Thursday, May 27, 2010

Conference summaries

Conference season has kicked off. Here are my summaries so far.

Fire and Explosion Hazards
Rory Hadden, Nicolas Bal, Freddy Jervis, Albert Simeoni and briefly Guillermo Rein and Ricky Carvel attended the 6th Fire and Explosion Hazards conference in Leeds. The conference was well attended by academia as well as industry.

As usual, the topics covered many aspects of fire with a lot of emphasis on the best methods for extracting material parameters from experiments for use in fire models and the subsequent use of the newly developed FireFOAM code. Plenary lectures on the Buncefield explosion and the dynamics of forest fires related fire sciences to the real world and worked as a good basis for the conference.

An excellent banquet was provided in the rather unique Royal Armouries Museum.

European Geosciences Union
A conference on a different scale from anything in fire; 10 000 delegates descended on Vienna from all corners of the globe. I attended with fire group collaborator Claire Belcher. The conference programme was very dense including everything from climate change to sedimentology. It was interesting to see fire from the point of view of a geoscientist – these sessions were devoted mainly to satellite detection of fires and the role of fire in the earth system.

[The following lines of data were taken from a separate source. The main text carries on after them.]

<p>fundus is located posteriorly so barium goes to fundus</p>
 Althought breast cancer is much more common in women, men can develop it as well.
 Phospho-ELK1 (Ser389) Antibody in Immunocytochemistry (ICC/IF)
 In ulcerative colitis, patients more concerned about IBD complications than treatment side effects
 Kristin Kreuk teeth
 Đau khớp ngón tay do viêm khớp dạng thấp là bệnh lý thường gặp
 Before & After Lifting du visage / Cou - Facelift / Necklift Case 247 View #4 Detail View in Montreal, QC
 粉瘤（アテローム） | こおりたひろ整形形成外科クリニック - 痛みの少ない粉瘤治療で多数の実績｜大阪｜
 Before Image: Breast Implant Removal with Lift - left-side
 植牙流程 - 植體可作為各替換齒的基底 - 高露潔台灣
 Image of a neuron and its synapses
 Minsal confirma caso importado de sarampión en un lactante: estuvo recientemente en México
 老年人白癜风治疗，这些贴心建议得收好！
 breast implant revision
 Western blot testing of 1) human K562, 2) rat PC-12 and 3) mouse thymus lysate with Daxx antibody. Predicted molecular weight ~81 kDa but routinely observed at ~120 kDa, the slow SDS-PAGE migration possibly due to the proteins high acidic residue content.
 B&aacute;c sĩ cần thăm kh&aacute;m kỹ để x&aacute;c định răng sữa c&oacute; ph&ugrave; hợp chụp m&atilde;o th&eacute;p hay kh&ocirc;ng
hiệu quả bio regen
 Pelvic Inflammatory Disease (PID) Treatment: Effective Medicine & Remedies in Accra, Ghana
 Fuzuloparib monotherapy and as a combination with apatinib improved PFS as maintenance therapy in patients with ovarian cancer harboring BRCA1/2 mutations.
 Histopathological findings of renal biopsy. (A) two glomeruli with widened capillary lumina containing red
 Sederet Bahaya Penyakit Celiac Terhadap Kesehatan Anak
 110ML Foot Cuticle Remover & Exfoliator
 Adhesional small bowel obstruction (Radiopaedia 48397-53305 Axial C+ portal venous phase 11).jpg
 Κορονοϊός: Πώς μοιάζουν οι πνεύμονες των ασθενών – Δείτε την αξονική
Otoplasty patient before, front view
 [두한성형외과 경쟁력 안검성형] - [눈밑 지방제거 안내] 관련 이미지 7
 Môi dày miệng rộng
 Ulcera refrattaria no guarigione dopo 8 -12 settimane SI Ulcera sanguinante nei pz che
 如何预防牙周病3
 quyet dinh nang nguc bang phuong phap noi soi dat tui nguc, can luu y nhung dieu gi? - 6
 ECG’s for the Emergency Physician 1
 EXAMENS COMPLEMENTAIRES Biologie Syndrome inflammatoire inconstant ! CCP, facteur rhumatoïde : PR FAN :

This is fascinating work however, I am certain more could be achieved by raising the profile of fire science in this area and working together with the geoscience community.

2nd International Conference on Coal Fire Research
This brief three day conference in Berlin was the second meeting of the coal fire community under the umbrella of the Sino-German coal fire project. As a relative outsider to the community, I found them inviting and willing to discuss new ideas. Talks covered the whole range of coal fire topics from fundamental fire dynamics to modelling to fire fighting with many interesting case studies in between. The conference also allowed me to meet with the editors of Coal and Peat Fires: A Global Perspective. It seems that over the 6 years that the community has been active, a great deal has been achieved in understanding these fires however, they still remain a challenging and diverse area of study.